[DATA FOR REVIEW — start]

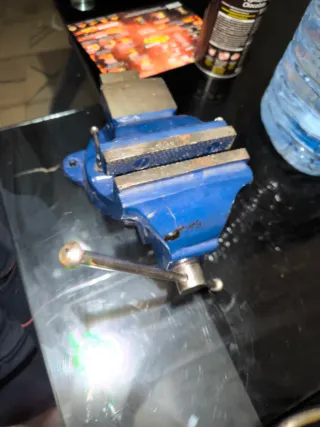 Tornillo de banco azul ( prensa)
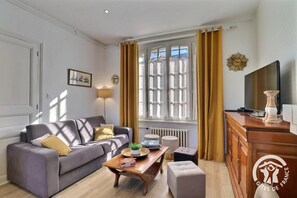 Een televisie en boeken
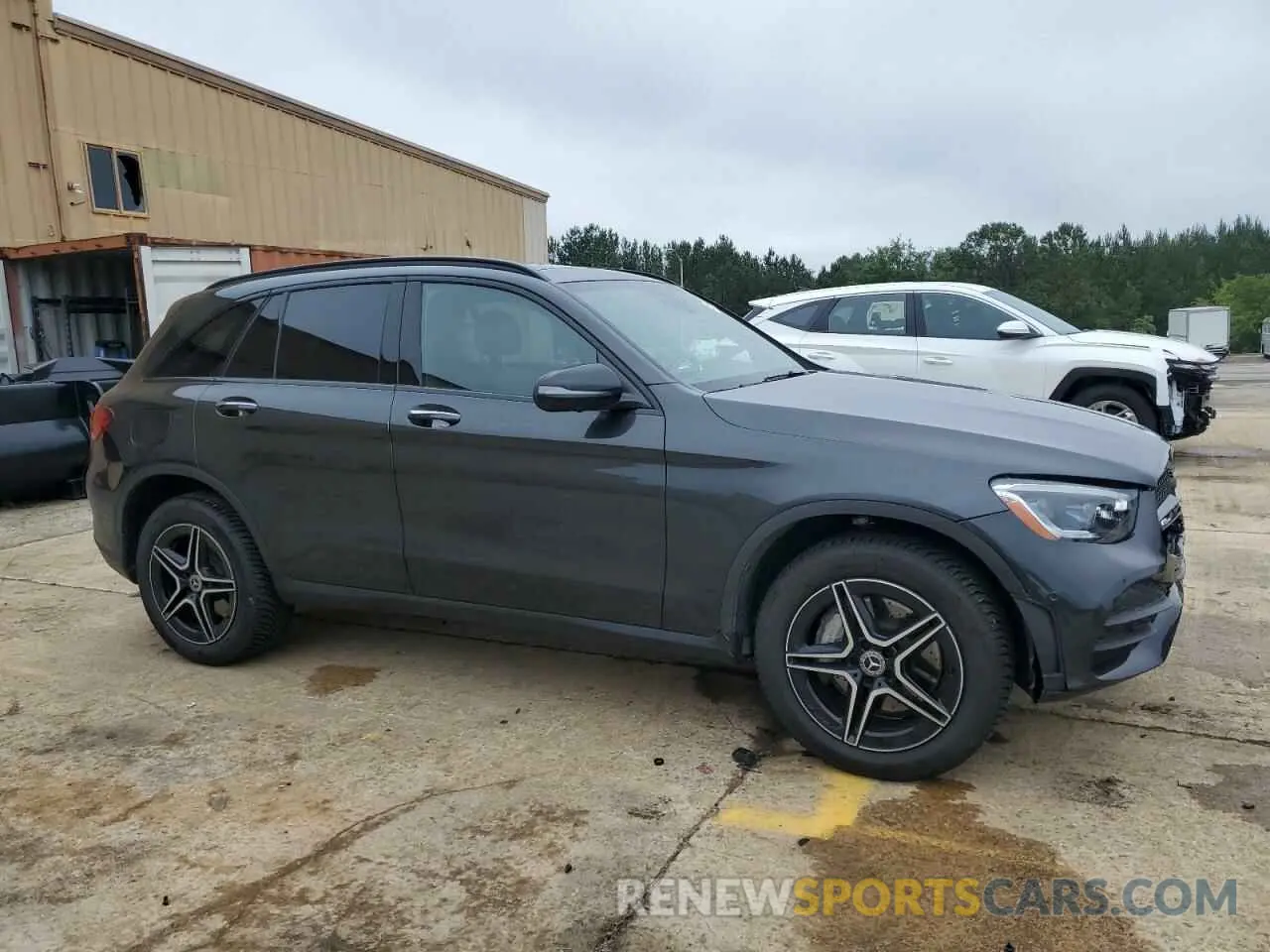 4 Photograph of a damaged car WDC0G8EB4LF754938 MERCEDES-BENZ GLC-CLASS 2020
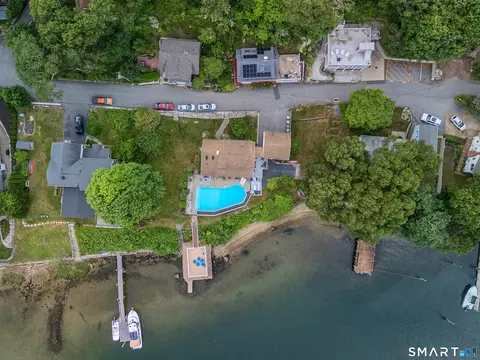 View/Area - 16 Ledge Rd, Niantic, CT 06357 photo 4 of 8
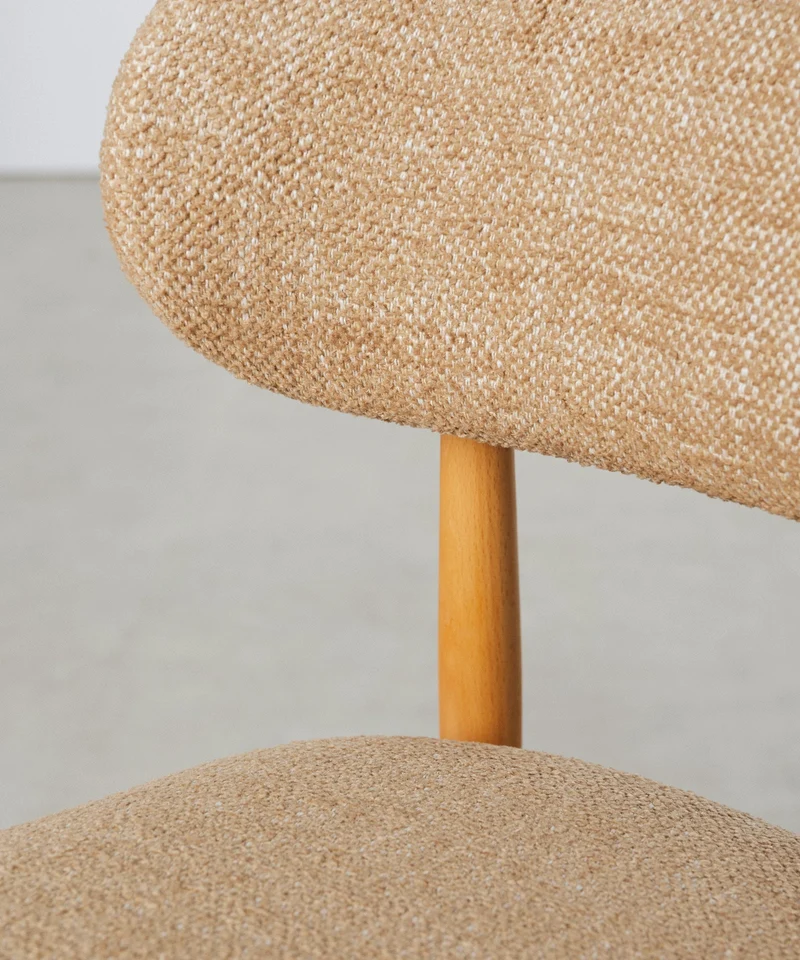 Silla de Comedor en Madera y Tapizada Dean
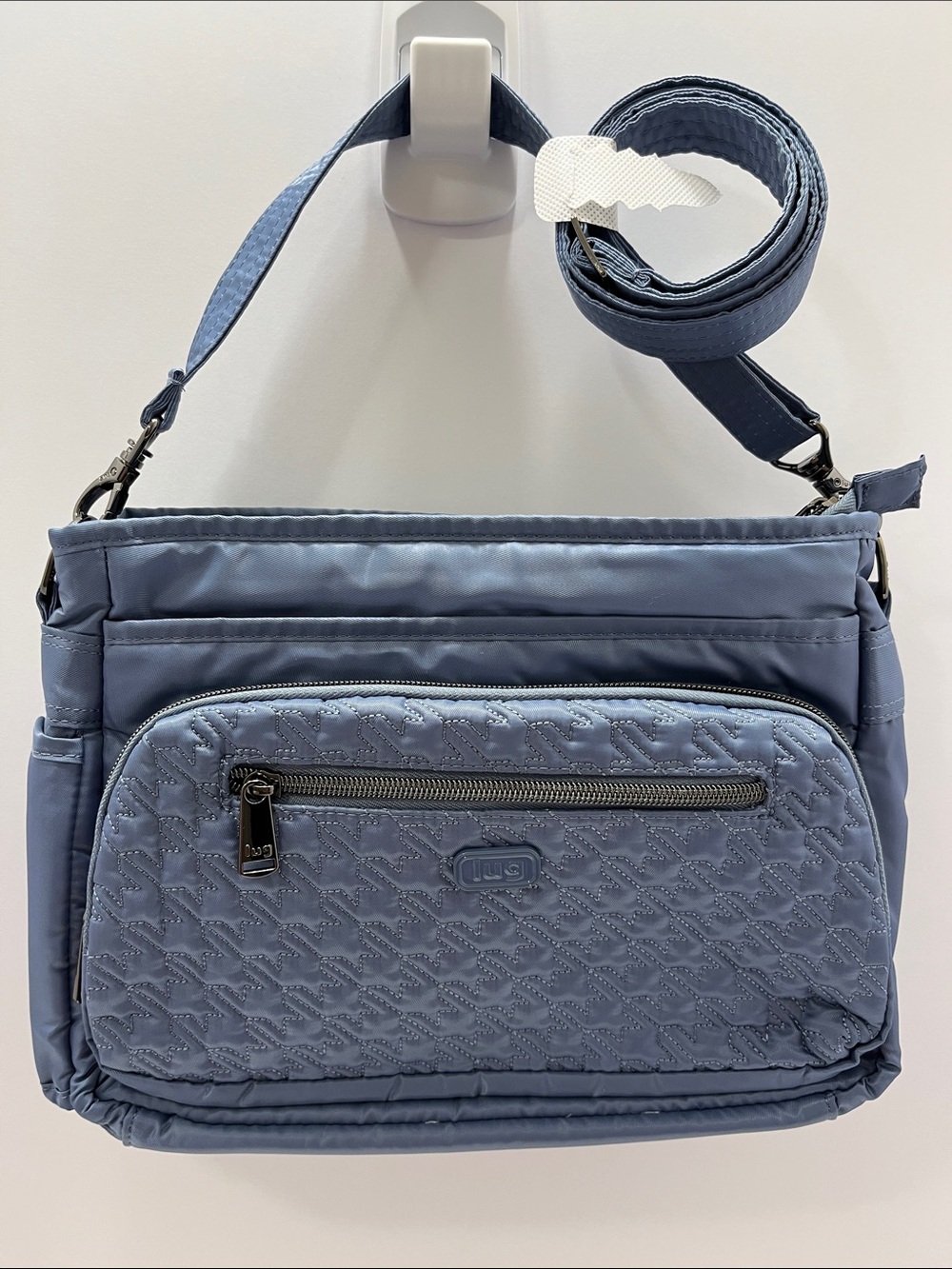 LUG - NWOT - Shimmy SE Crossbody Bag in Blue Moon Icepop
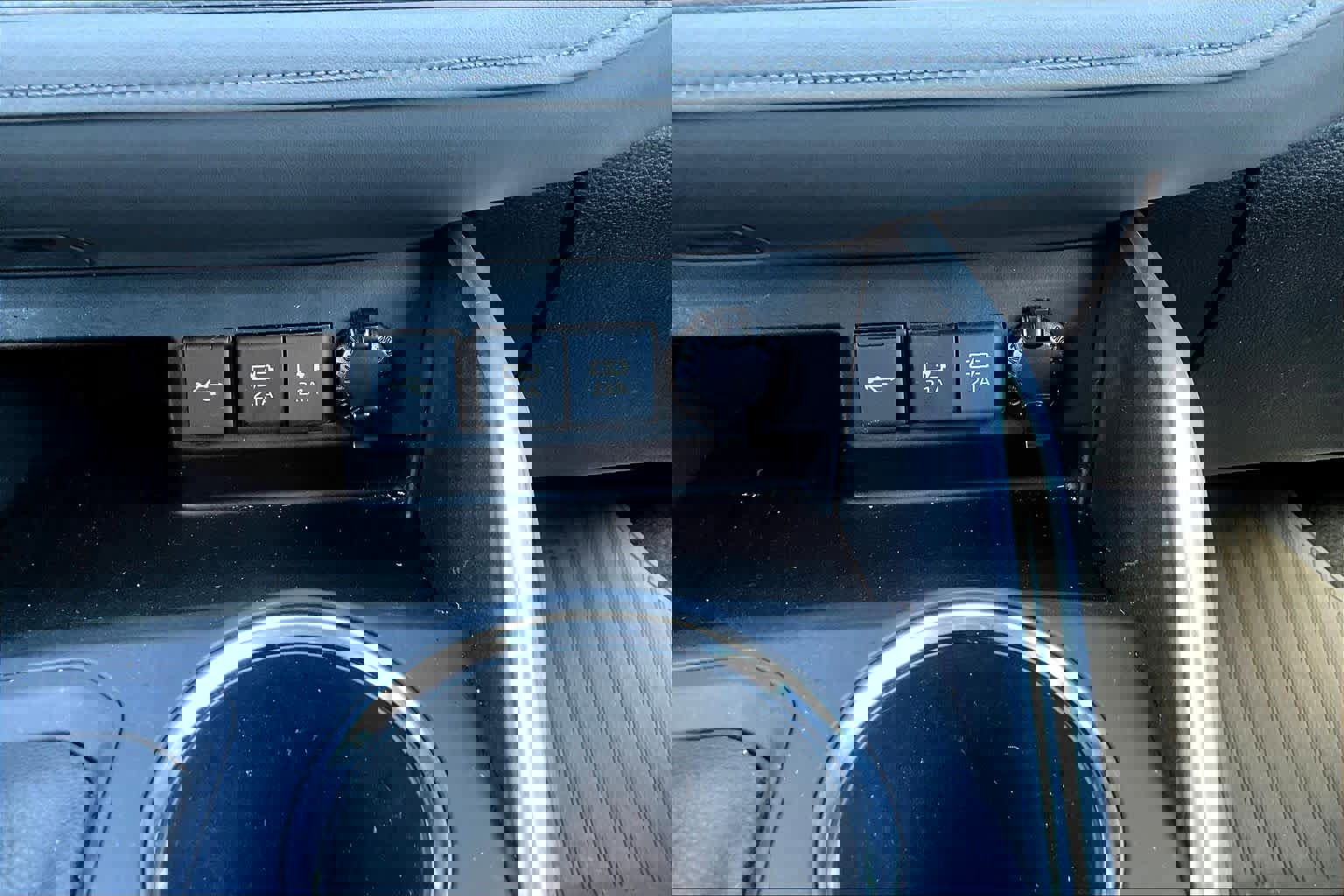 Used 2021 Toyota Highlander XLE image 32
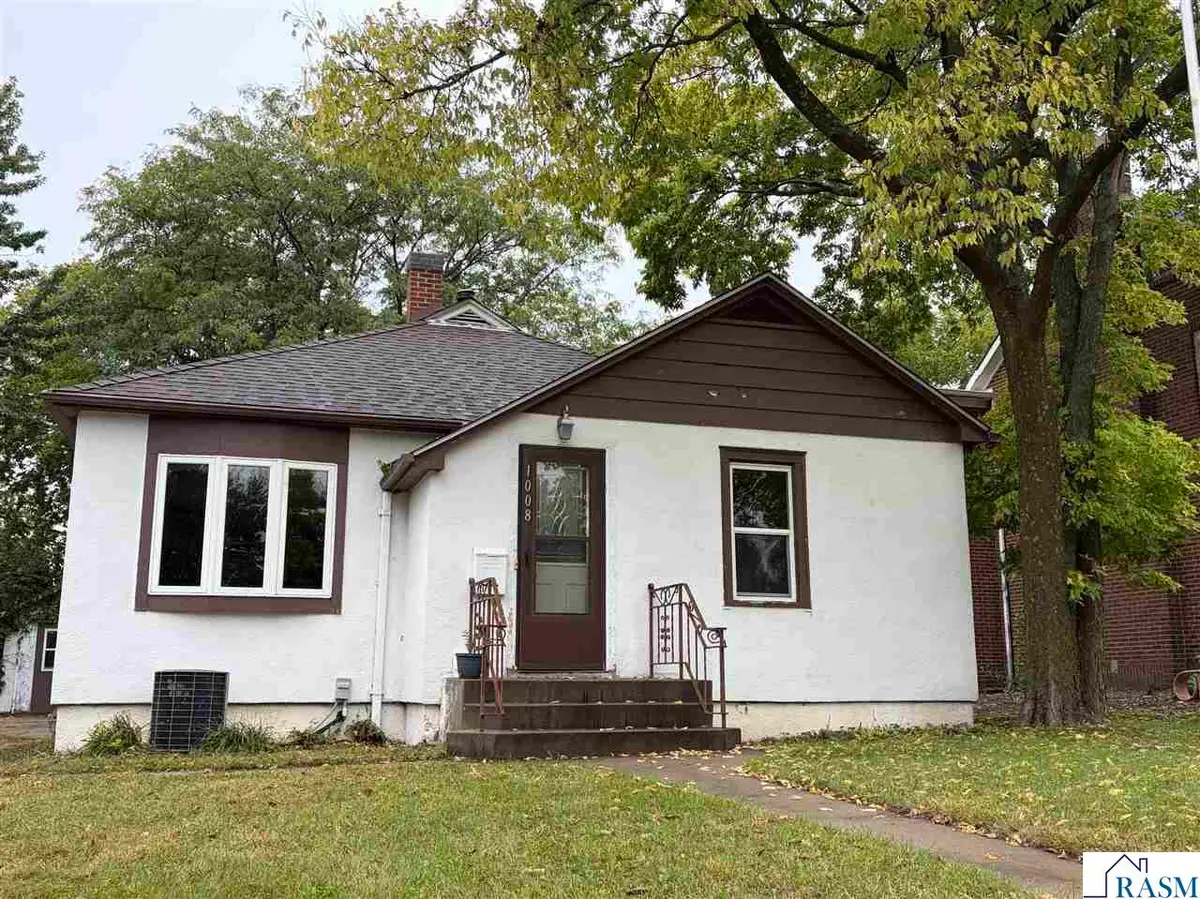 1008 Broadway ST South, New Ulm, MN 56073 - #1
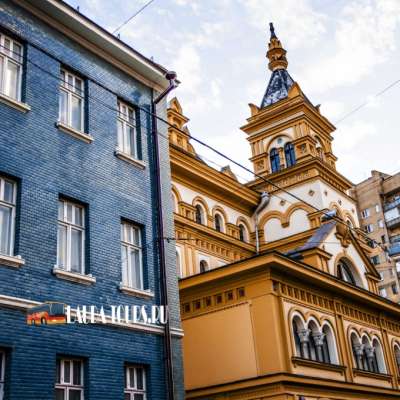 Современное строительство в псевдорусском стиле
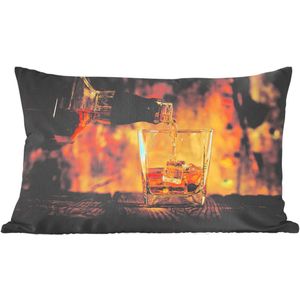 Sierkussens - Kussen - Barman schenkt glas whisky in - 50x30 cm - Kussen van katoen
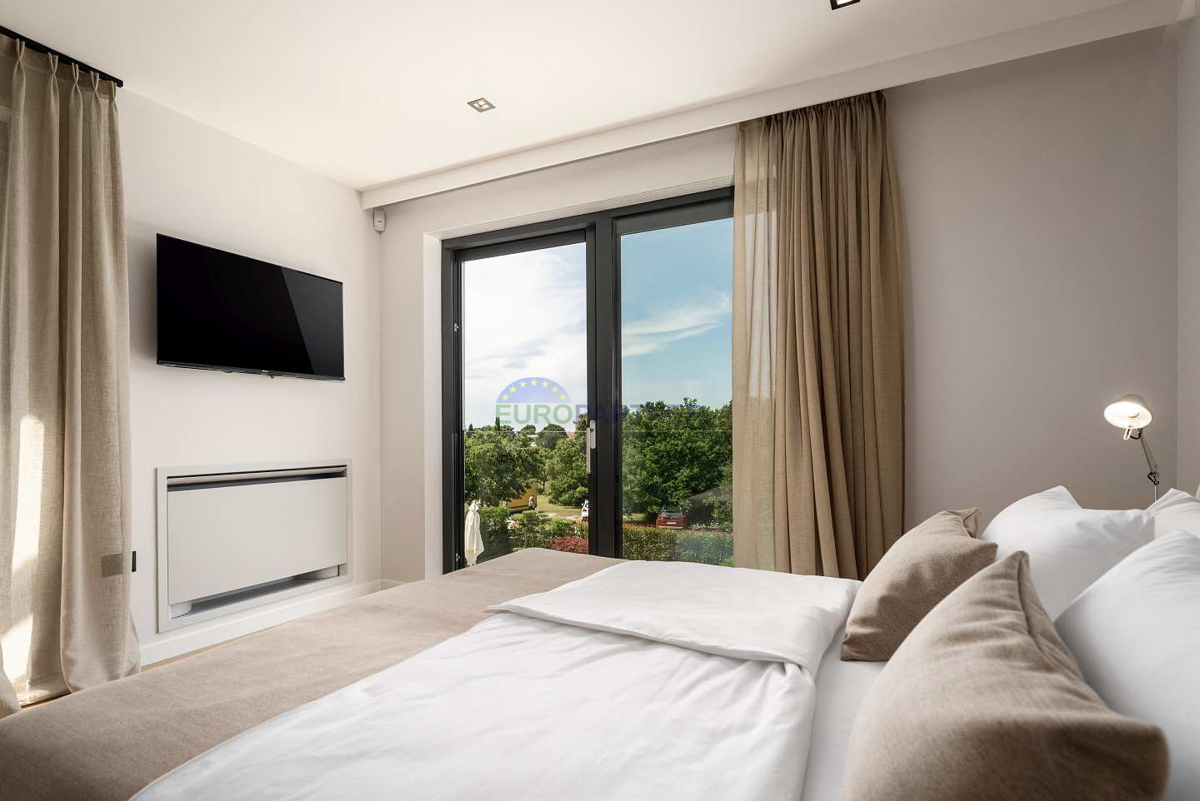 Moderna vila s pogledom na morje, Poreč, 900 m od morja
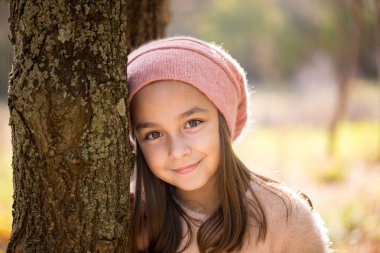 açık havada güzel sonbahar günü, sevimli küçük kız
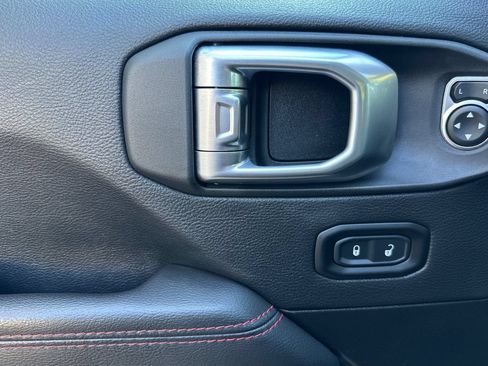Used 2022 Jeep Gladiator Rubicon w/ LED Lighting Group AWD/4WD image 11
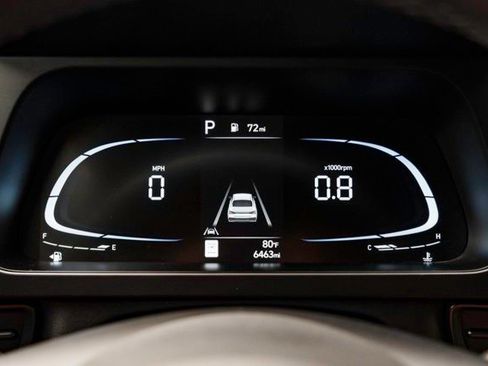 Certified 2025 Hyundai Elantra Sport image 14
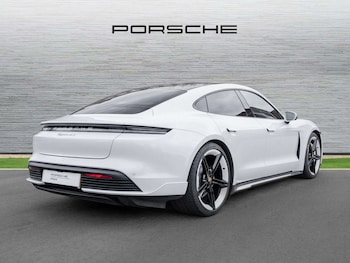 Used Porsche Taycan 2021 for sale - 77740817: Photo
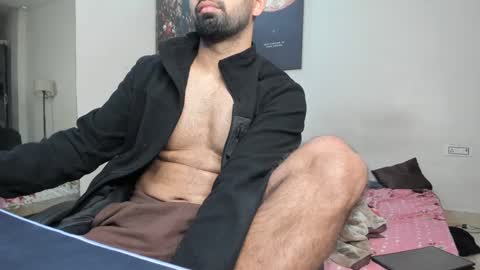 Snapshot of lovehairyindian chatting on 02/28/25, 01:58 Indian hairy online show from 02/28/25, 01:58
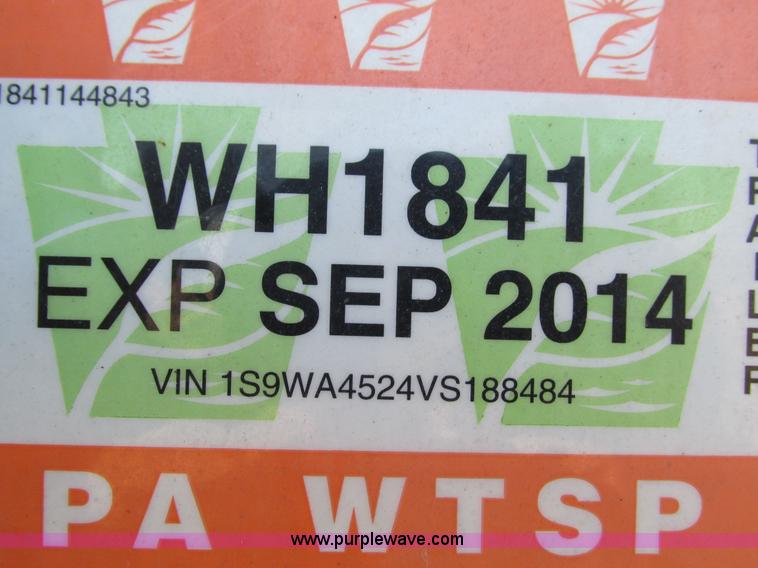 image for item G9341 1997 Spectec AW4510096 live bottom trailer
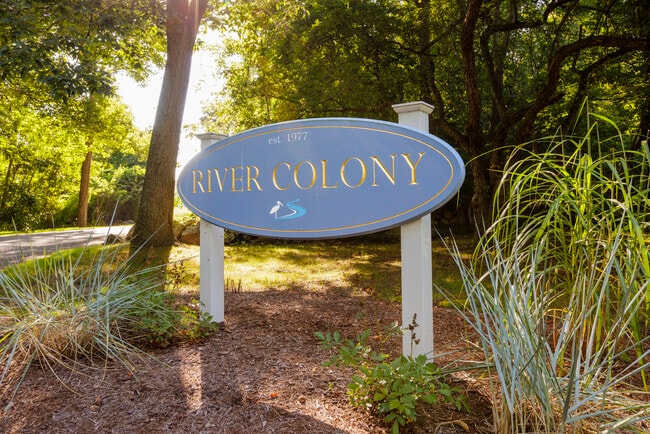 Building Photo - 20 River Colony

[DATA FOR REVIEW — finish]

= EXERCISE DIRECTIONS =
In the listing above, find the line holding "Silla de Comedor en Madera y Tapizada Dean" and the line holding "Sierkussens - Kussen". Reproduce those two lines and all between them exactly, leaving out pictures.

= ANSWER BOX =
 Silla de Comedor en Madera y Tapizada Dean
 LUG - NWOT - Shimmy SE Crossbody Bag in Blue Moon Icepop
 Used 2021 Toyota Highlander XLE image 32
 1008 Broadway ST South, New Ulm, MN 56073 - #1
 Современное строительство в псевдорусском стиле
 Sierkussens - Kussen - Barman schenkt glas whisky in - 50x30 cm - Kussen van katoen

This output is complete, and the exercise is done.